**What is expected**
Take the lines from the head of the listing through the one bearing "香水镜子托盘化妆梳妆台托盘空心雕刻珠宝饰品存储整理器装饰托盘详情7" and copy them exactly, leaving every picture out.

**Exercise data**
────

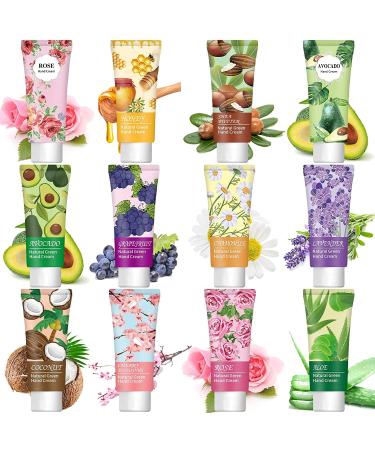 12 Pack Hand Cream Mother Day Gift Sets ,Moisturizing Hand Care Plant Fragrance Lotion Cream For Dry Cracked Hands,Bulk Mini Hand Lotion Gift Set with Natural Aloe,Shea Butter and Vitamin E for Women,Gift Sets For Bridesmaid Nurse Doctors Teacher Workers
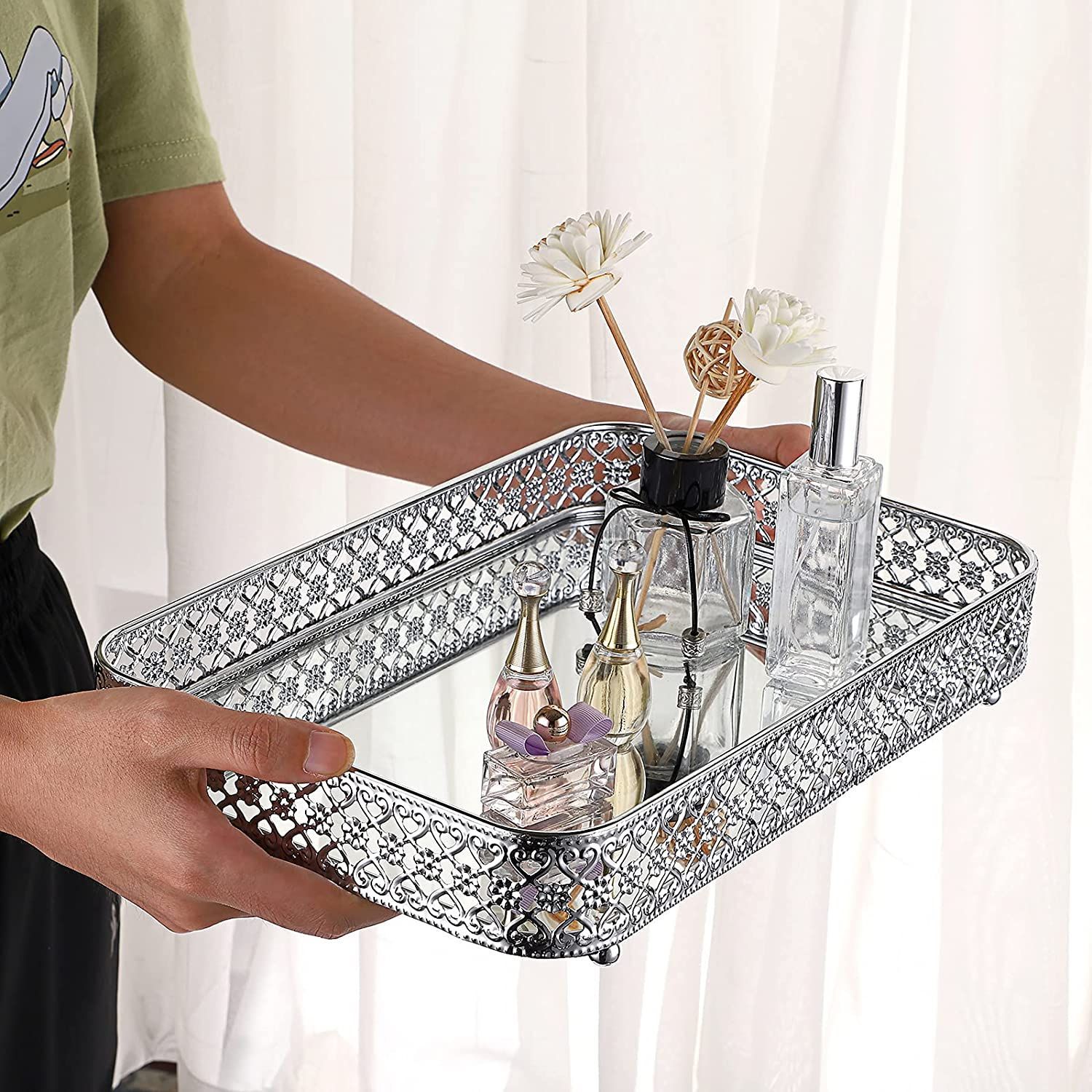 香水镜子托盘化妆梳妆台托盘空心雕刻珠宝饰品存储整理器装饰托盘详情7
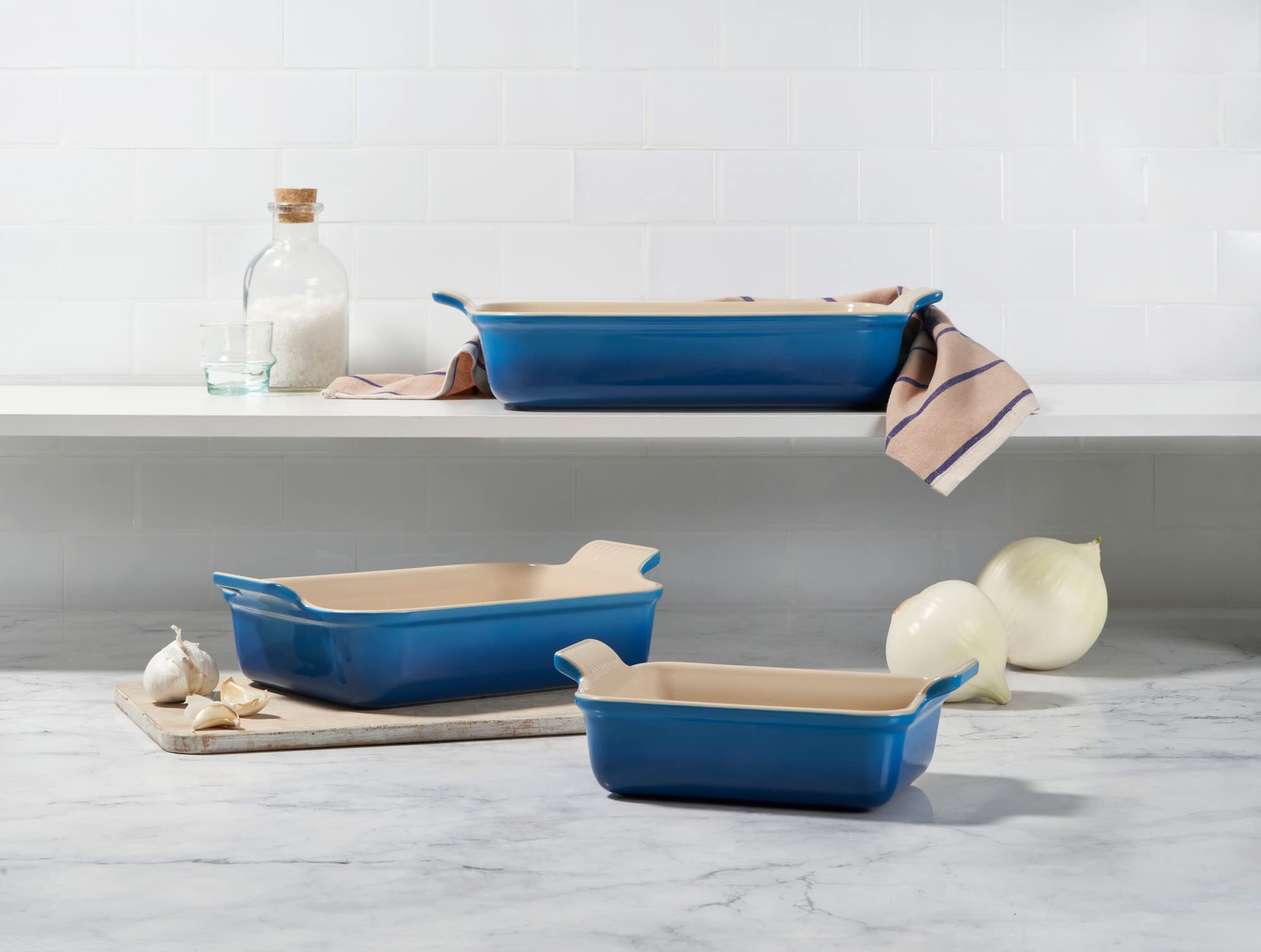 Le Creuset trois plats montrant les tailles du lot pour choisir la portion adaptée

────

**Answer area**
 12 Pack Hand Cream Mother Day Gift Sets ,Moisturizing Hand Care Plant Fragrance Lotion Cream For Dry Cracked Hands,Bulk Mini Hand Lotion Gift Set with Natural Aloe,Shea Butter and Vitamin E for Women,Gift Sets For Bridesmaid Nurse Doctors Teacher Workers
 香水镜子托盘化妆梳妆台托盘空心雕刻珠宝饰品存储整理器装饰托盘详情7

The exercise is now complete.